Prompt. Output every record word for word, minus the pictures.

Material shown.
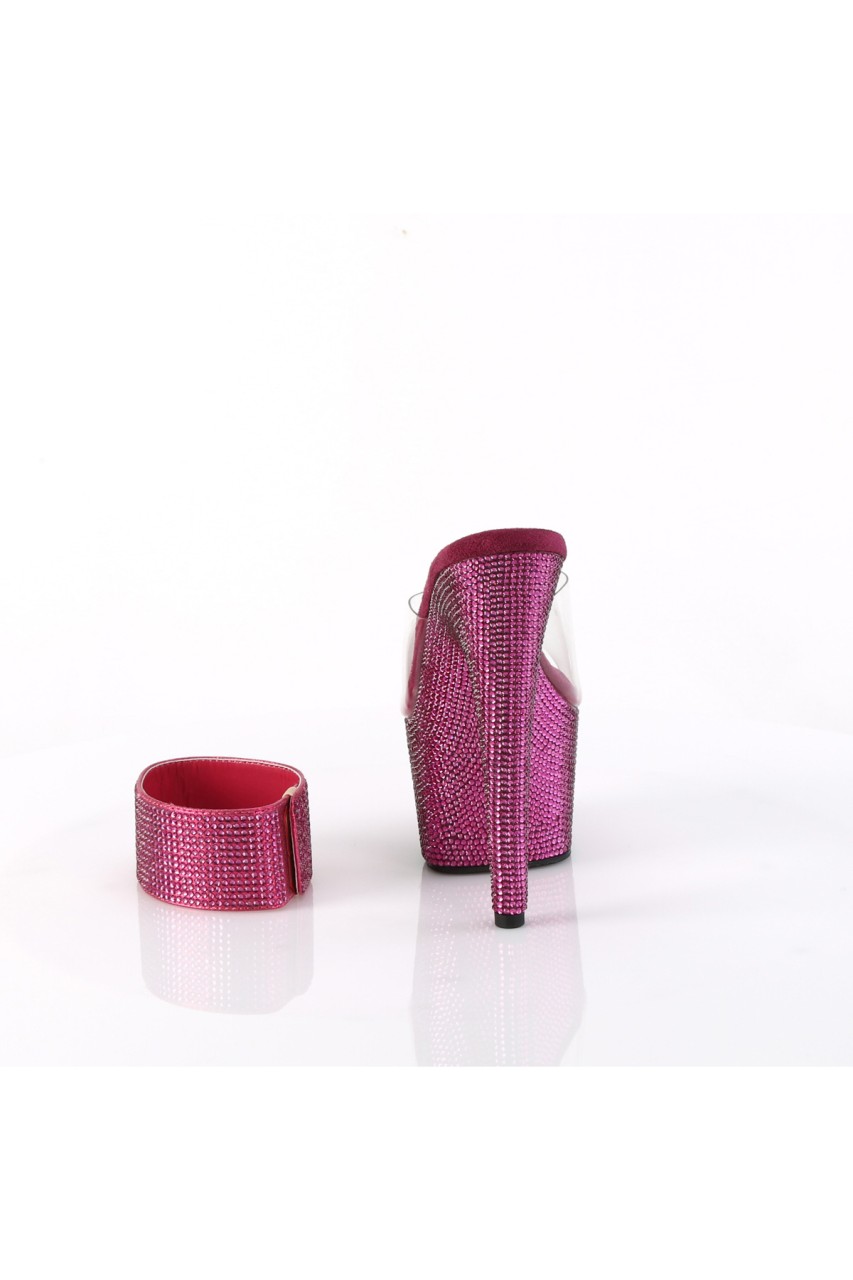 BEJ712RS/C/FSRS - BEJEWELED-712RS - Image 3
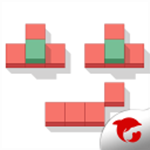 方塊指令下載 v1.0.0 安卓版 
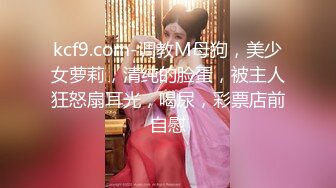 无水印源码自录--【babylisa】大奶子少妇、无毛馒头穴，自慰、高潮迭代，白浆四溢 6月13号-6月19号合集【26V】 (26)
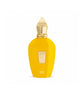 Xerjoff Erba Gold Eau de Parfum (100ml)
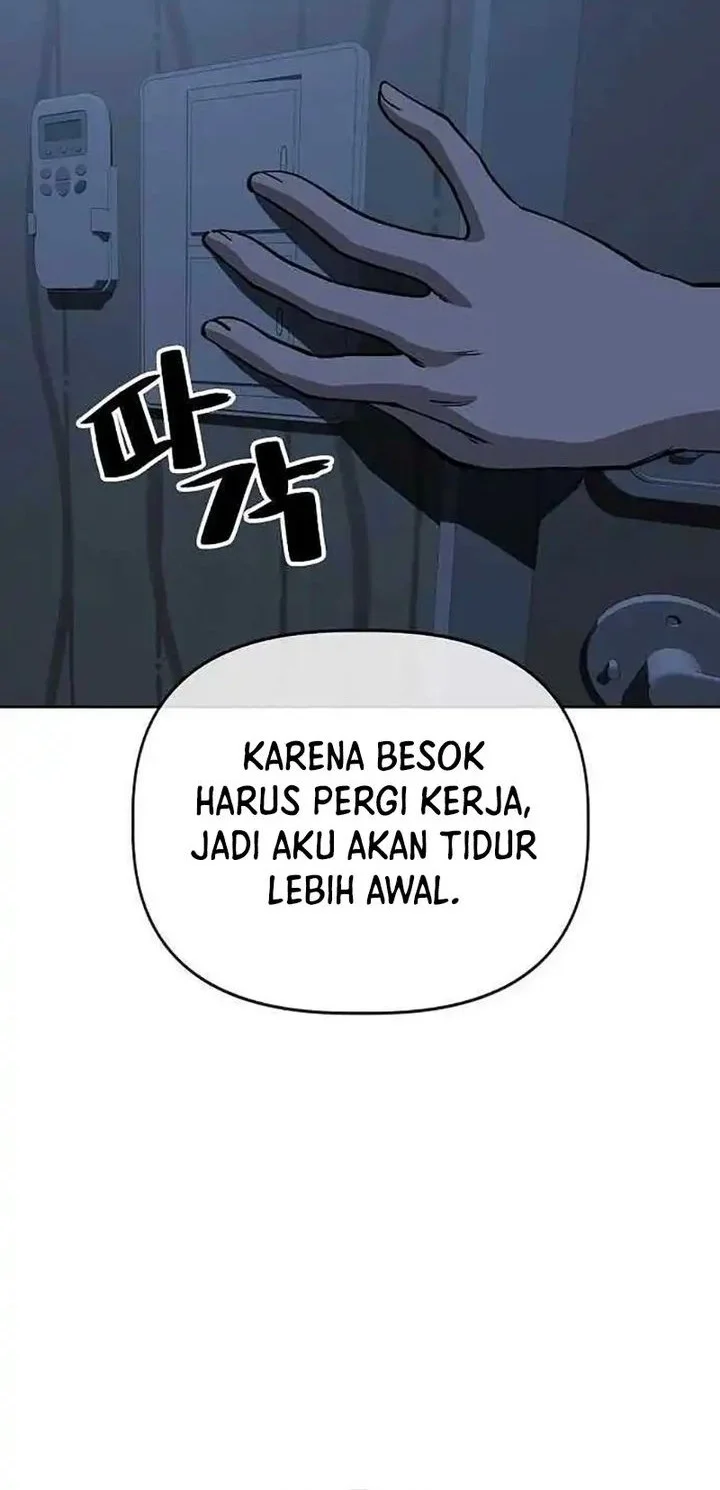 Chapter 57 - halaman 56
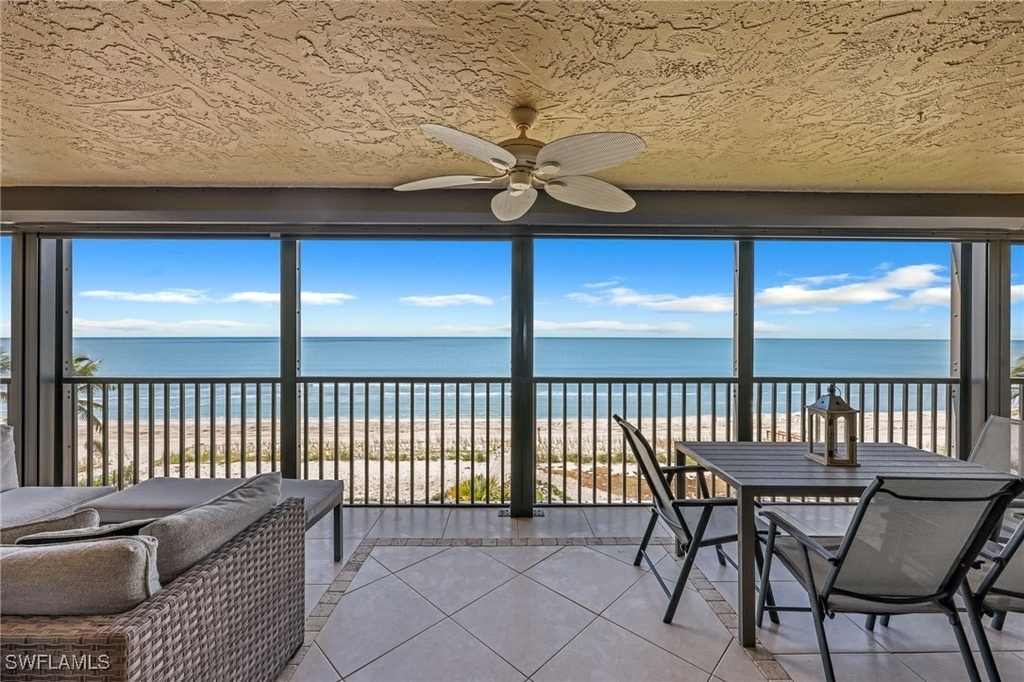 9653 Gulf Shore Drive - Photo 37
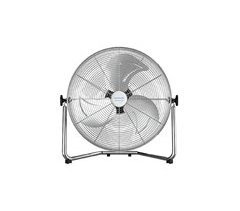 Ventilador industrial EnergySilence 5000 Pro Cecotec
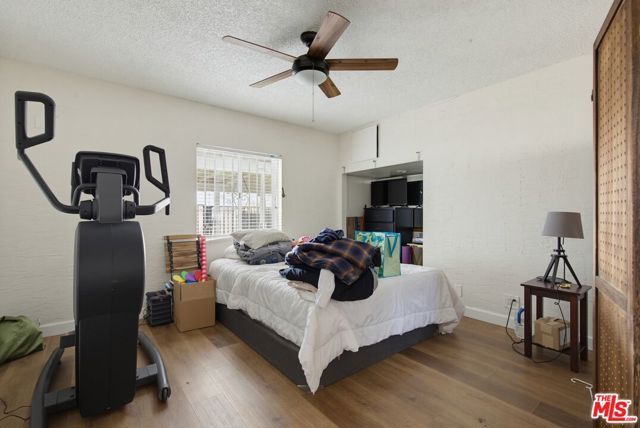 291 Simmons Avenue, Montebello, CA 90640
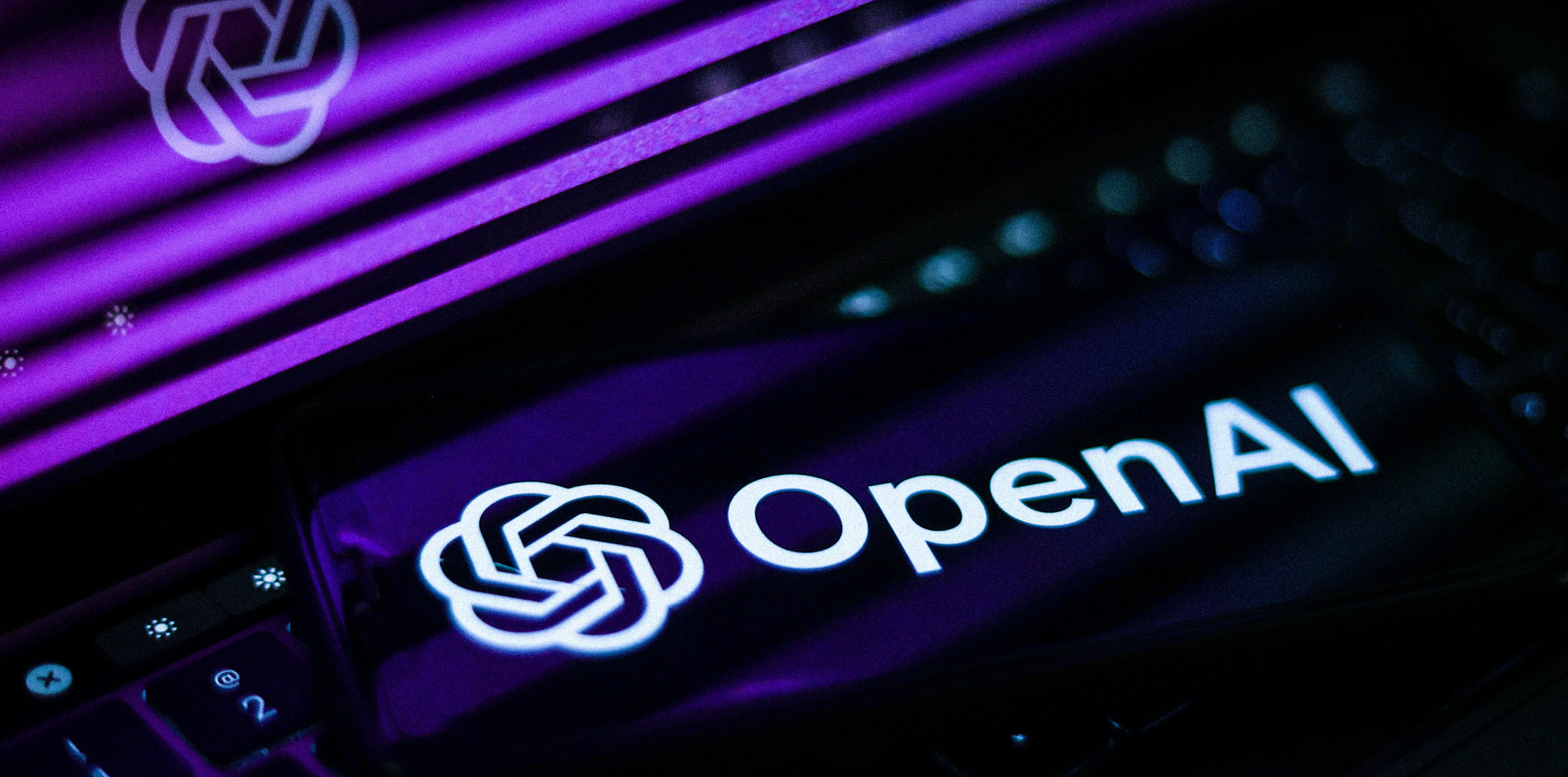 OpenAI研究人員研究新模型：將多媒體生成速度提高50倍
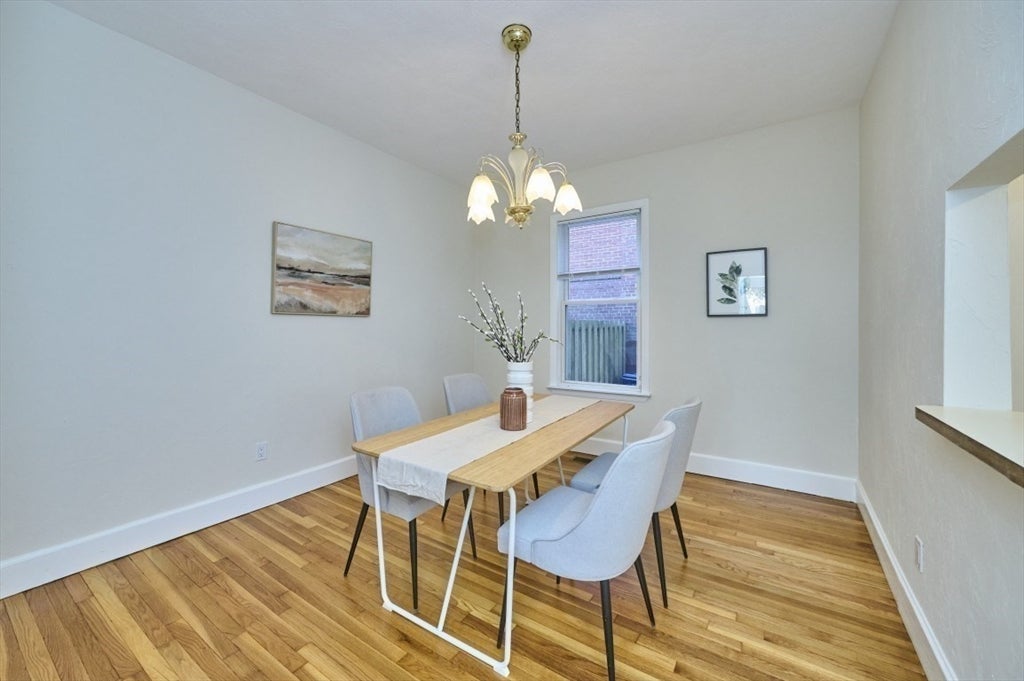 51 Fulkerson St, Cambridge, MA Photo #8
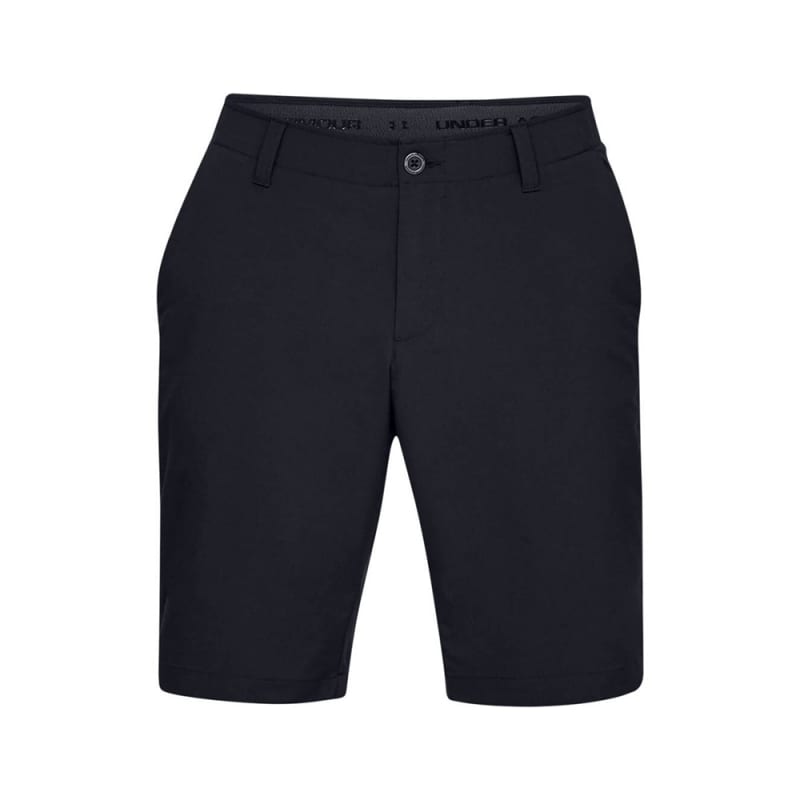 Men's EU Performance Tapered Shorts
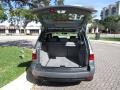 Silver Grey Metallic - X3 3.0si Photo No. 28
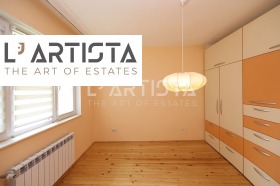    3- | Imot.bg    8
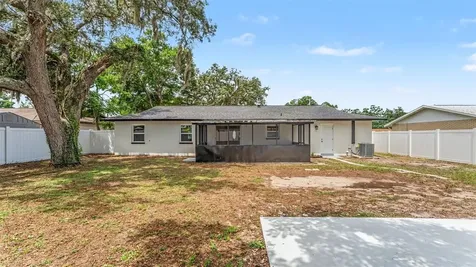1151 Oakhill Street Seffner FL 33584
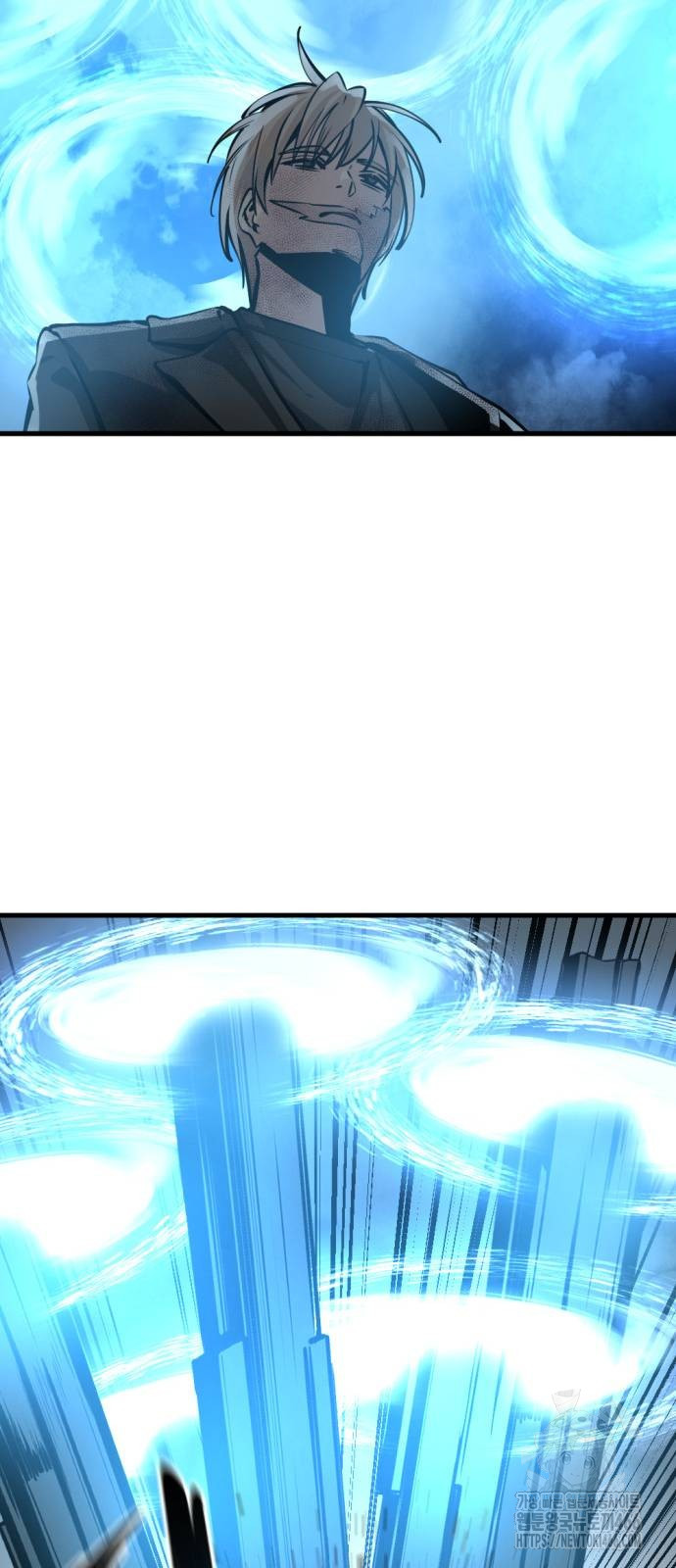 1734627936_35812339989032.jpg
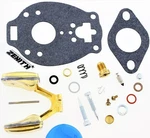 Carburetor Kit Float Fits Continental Engine Y112 TSX39 TSX80 TSX94 TSX101. Fixed Price $69.98.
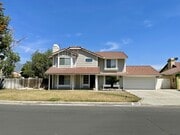 Photo - 25020 Jutland Dr House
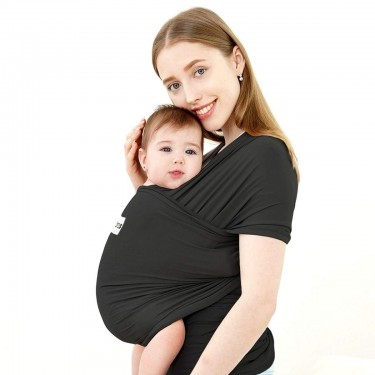 Baby Sling Wrap 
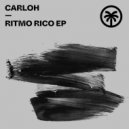 Carloh - Backlash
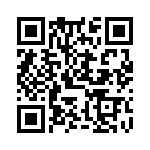 DF36064GFPV QRCode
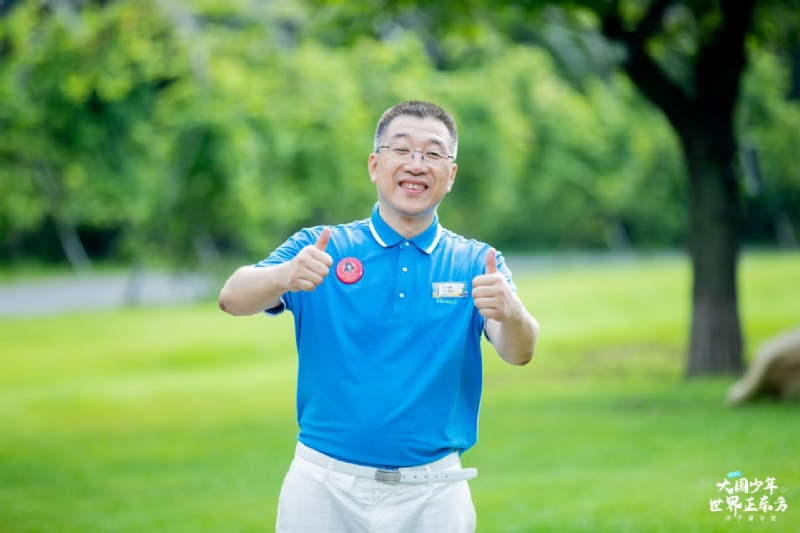郑晏晖的第一张照片--信阳相亲服务中心
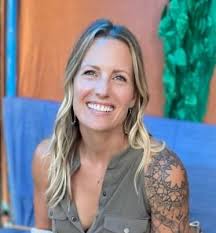 Helping you to attract high-value clients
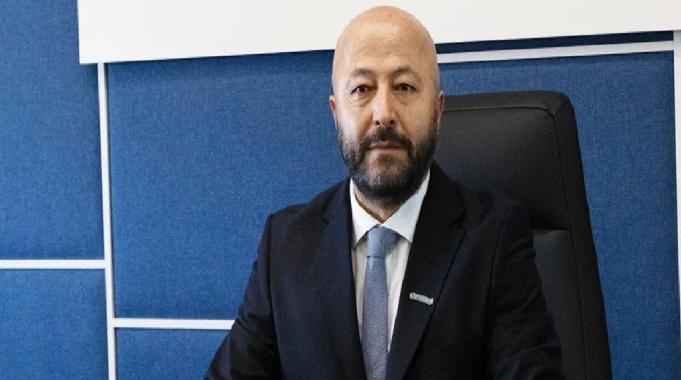 CW Enerji Solar Storage Fuarı’nda boy gösterecek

Exercise result.
 BEJ712RS/C/FSRS - BEJEWELED-712RS - Image 3
 方塊指令下載 v1.0.0 安卓版 
 无水印源码自录--【babylisa】大奶子少妇、无毛馒头穴，自慰、高潮迭代，白浆四溢 6月13号-6月19号合集【26V】 (26)
 Xerjoff Erba Gold Eau de Parfum (100ml)
 Chapter 57 - halaman 56
 9653 Gulf Shore Drive - Photo 37
 Ventilador industrial EnergySilence 5000 Pro Cecotec
 291 Simmons Avenue, Montebello, CA 90640
 OpenAI研究人員研究新模型：將多媒體生成速度提高50倍
 51 Fulkerson St, Cambridge, MA Photo #8
 Men's EU Performance Tapered Shorts
 Silver Grey Metallic - X3 3.0si Photo No. 28
    3- | Imot.bg    8
1151 Oakhill Street Seffner FL 33584
 1734627936_35812339989032.jpg
 Carburetor Kit Float Fits Continental Engine Y112 TSX39 TSX80 TSX94 TSX101. Fixed Price $69.98.
 Photo - 25020 Jutland Dr House
 Baby Sling Wrap 
 Carloh - Backlash
 DF36064GFPV QRCode
郑晏晖的第一张照片--信阳相亲服务中心
 Helping you to attract high-value clients
 CW Enerji Solar Storage Fuarı’nda boy gösterecek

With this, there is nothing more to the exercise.